- [MATERIAL PROVIDED]
——————————
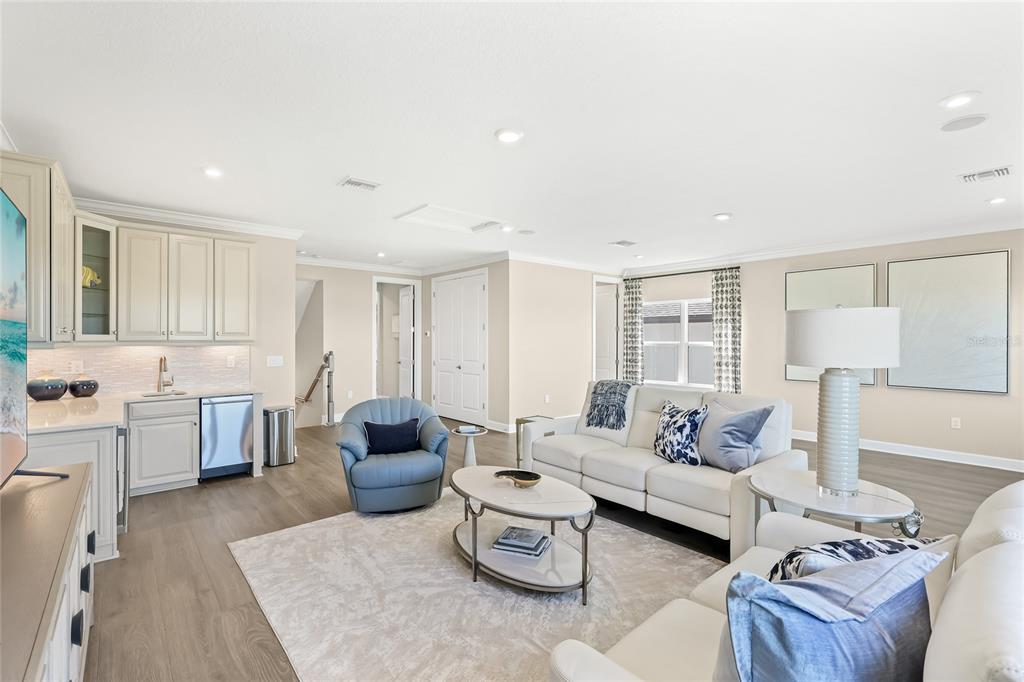 8232 Summer Night Road Sarasota, FL 34241 - Photo 32 of 82 a living room with furniture and a large window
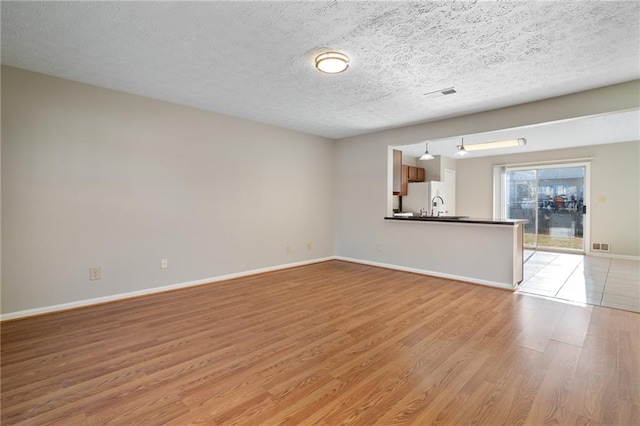 unfurnished living room featuring sink, a textured ceiling, and light hardwood / wood-style flooring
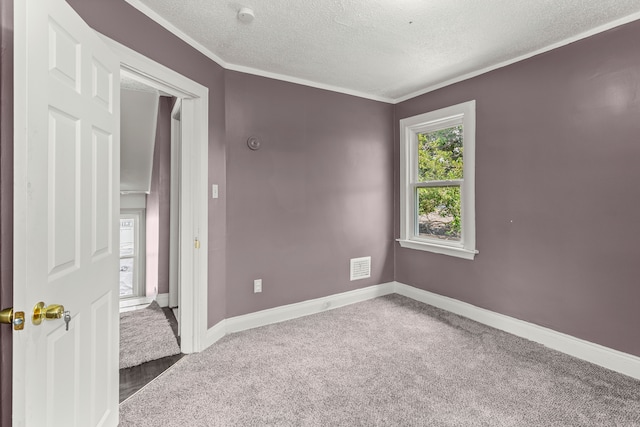 spare room with carpet, baseboards, visible vents, and a textured ceiling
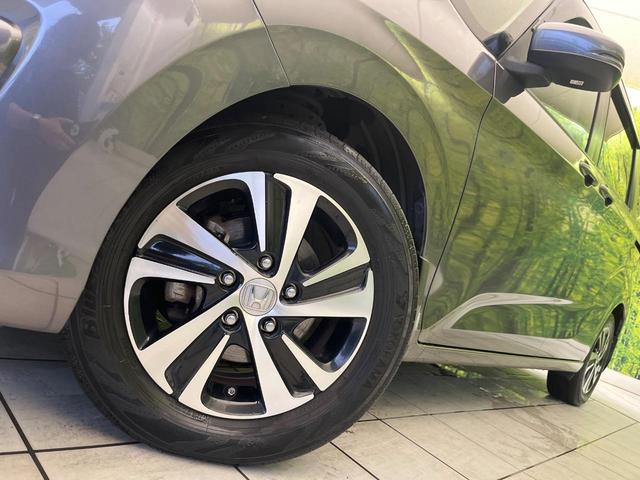 フリード G・ホンダセンシング 禁煙車 9型フローディングナビ フリップダウンモニター バックカメラ ETC フルセグTV スマートキー ホンダセンシング 両側電動スライドドア レーダークルーズ 純正15インチアルミ(14枚目)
——————————
- [TASK BRIEF] Go through the material and set it down again exactly, but without any pictures.

- [RESULT OF THIS EXERCISE]
 8232 Summer Night Road Sarasota, FL 34241 - Photo 32 of 82 a living room with furniture and a large window
 unfurnished living room featuring sink, a textured ceiling, and light hardwood / wood-style flooring
 spare room with carpet, baseboards, visible vents, and a textured ceiling
 フリード G・ホンダセンシング 禁煙車 9型フローディングナビ フリップダウンモニター バックカメラ ETC フルセグTV スマートキー ホンダセンシング 両側電動スライドドア レーダークルーズ 純正15インチアルミ(14枚目)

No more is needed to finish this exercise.